Monday, October 30, 2006

Noel Murry, The Onion AV Club:
But since Cohen won’t appear out of character now—he’s like a magician safeguarding his tricks—it’s hard to know what’s really real in Borat. There have been a lot of articles about the ordinary citizens who appear in the movie, most of whom are annoyed not only at the way they were exploited, but that no one’s had the common courtesy to give them a little “thanks for being a good sport, we’ll send you a DVD” call. And they’re really not happy at how clueless they’ve been made to look, since a lot of them actually realized something odd was going on, but didn’t know quite what to do about it because they were being paid for their time. A few of them would’ve looked bad regardless, like the rodeo dude who goes along eagerly with Borat’s anti-gay remarks, and the RV full of drunken frat guys who run down minorities and women with undisguised malice. By and large though, what Borat proves is that southerners are unfailingly polite, and will put up with a lot more boorishness than they should, even if it makes them look guilty by association.

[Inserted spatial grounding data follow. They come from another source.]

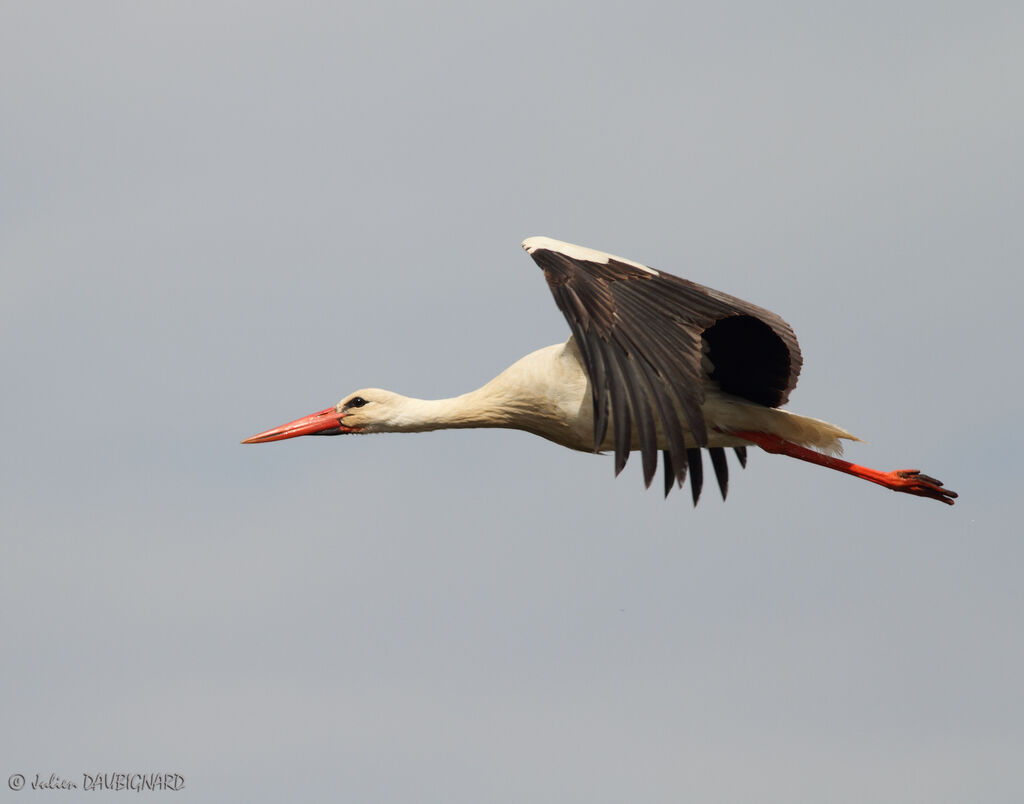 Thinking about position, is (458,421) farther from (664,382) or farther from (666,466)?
(664,382)

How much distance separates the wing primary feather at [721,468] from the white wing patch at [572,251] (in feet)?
8.51

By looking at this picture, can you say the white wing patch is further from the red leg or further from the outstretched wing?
the red leg

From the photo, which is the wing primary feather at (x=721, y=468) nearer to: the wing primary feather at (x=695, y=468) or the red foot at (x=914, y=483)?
the wing primary feather at (x=695, y=468)

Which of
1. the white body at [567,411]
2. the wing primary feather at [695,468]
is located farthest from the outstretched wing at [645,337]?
the wing primary feather at [695,468]

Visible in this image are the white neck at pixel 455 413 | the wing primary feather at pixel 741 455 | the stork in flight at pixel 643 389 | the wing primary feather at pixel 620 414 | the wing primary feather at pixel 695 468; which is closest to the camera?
the wing primary feather at pixel 620 414

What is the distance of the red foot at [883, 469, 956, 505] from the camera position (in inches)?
462

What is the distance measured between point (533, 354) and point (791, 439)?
1832 mm

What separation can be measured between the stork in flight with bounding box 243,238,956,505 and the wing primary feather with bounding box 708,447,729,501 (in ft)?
0.03

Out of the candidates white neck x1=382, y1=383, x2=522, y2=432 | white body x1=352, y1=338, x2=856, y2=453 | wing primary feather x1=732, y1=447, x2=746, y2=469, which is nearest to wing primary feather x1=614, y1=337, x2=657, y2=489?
white body x1=352, y1=338, x2=856, y2=453

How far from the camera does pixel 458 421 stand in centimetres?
1171

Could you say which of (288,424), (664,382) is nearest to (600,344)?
(664,382)

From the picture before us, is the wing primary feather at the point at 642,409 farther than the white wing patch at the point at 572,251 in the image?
No

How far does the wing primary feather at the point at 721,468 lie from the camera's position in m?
12.5

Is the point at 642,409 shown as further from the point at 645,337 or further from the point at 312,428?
the point at 312,428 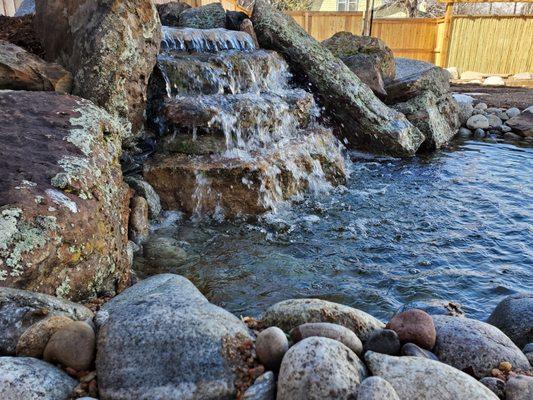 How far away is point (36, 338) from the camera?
1806 millimetres

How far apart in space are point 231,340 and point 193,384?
27 centimetres

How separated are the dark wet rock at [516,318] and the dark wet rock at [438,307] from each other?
0.21 m

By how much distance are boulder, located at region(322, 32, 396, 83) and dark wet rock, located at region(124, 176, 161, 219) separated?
232 inches

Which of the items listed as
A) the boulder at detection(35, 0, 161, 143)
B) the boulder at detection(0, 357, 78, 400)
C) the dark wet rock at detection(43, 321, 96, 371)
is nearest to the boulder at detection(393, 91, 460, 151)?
the boulder at detection(35, 0, 161, 143)

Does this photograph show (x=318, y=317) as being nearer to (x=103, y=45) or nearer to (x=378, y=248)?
(x=378, y=248)

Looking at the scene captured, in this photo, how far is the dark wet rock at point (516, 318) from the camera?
261 cm

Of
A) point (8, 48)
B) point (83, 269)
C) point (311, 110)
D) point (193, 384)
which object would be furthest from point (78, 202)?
point (311, 110)

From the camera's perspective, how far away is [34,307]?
1996mm

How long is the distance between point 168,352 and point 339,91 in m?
5.90

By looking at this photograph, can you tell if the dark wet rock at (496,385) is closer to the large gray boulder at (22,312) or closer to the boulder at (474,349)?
the boulder at (474,349)

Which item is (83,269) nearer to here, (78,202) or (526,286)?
(78,202)

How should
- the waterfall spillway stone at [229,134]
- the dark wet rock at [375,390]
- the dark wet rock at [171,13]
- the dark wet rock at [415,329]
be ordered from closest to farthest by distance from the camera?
the dark wet rock at [375,390]
the dark wet rock at [415,329]
the waterfall spillway stone at [229,134]
the dark wet rock at [171,13]

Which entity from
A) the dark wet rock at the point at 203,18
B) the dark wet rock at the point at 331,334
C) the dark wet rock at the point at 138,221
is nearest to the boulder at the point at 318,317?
the dark wet rock at the point at 331,334

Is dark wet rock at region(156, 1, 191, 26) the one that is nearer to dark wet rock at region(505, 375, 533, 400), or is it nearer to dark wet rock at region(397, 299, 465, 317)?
dark wet rock at region(397, 299, 465, 317) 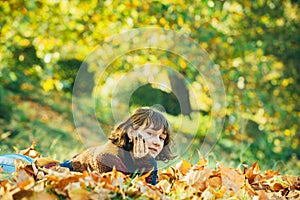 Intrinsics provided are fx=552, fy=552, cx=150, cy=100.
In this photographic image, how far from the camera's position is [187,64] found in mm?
5723

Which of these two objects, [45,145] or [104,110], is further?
[104,110]

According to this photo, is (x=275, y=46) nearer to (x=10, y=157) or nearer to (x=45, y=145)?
(x=45, y=145)

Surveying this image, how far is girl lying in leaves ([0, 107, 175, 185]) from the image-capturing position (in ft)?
9.18

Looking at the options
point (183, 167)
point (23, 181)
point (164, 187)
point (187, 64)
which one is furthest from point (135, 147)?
point (187, 64)

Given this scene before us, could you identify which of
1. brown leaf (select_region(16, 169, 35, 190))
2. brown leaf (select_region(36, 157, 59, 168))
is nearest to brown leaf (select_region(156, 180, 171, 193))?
brown leaf (select_region(36, 157, 59, 168))

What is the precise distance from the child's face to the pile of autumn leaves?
201 mm

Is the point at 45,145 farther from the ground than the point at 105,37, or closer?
closer

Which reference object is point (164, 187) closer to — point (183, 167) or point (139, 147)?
point (139, 147)

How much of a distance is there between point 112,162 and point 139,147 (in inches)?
7.0

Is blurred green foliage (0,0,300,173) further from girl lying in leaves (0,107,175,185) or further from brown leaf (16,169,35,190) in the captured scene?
brown leaf (16,169,35,190)

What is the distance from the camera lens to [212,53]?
19.8ft

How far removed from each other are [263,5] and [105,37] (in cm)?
180

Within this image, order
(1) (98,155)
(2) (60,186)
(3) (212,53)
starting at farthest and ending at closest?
(3) (212,53)
(1) (98,155)
(2) (60,186)

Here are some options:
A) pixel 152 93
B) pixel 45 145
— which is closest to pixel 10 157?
pixel 45 145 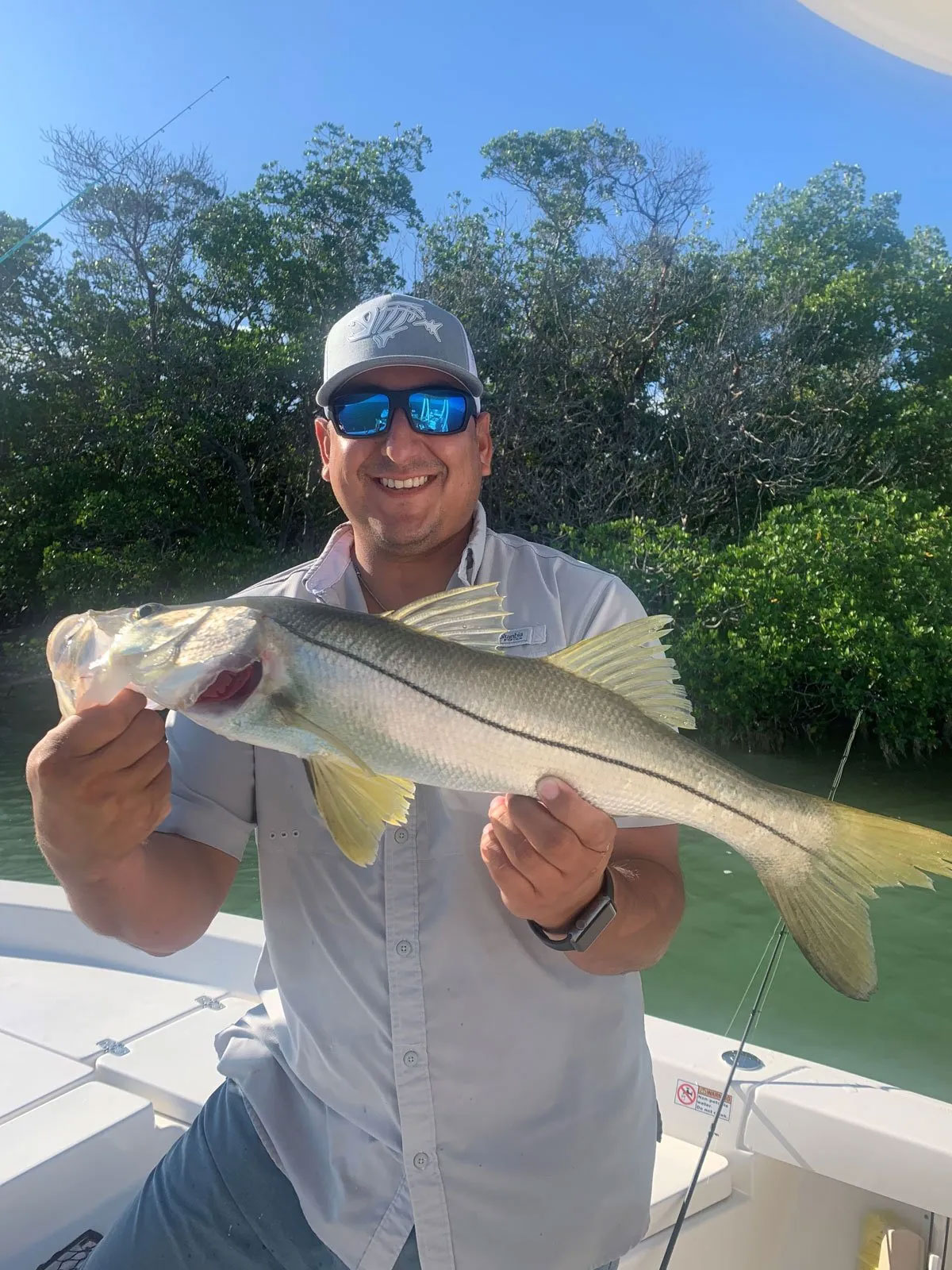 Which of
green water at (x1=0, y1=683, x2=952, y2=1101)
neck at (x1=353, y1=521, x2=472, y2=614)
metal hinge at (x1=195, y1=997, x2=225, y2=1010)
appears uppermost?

Perhaps that’s an insight in and of itself. But it’s not the one that so many people seem to be claiming on behalf of Borat. If the movie really wanted to make a point about bigotry, Borat would have to pepper its inadvertent subjects with follow-up questions, to make sure they’re really saying what they’ve sort-of been caught saying. But that wouldn’t be as funny, and Borat, to its credit, prizes comedy over truth. So let’s not underrate the former in a rush to overrate the latter.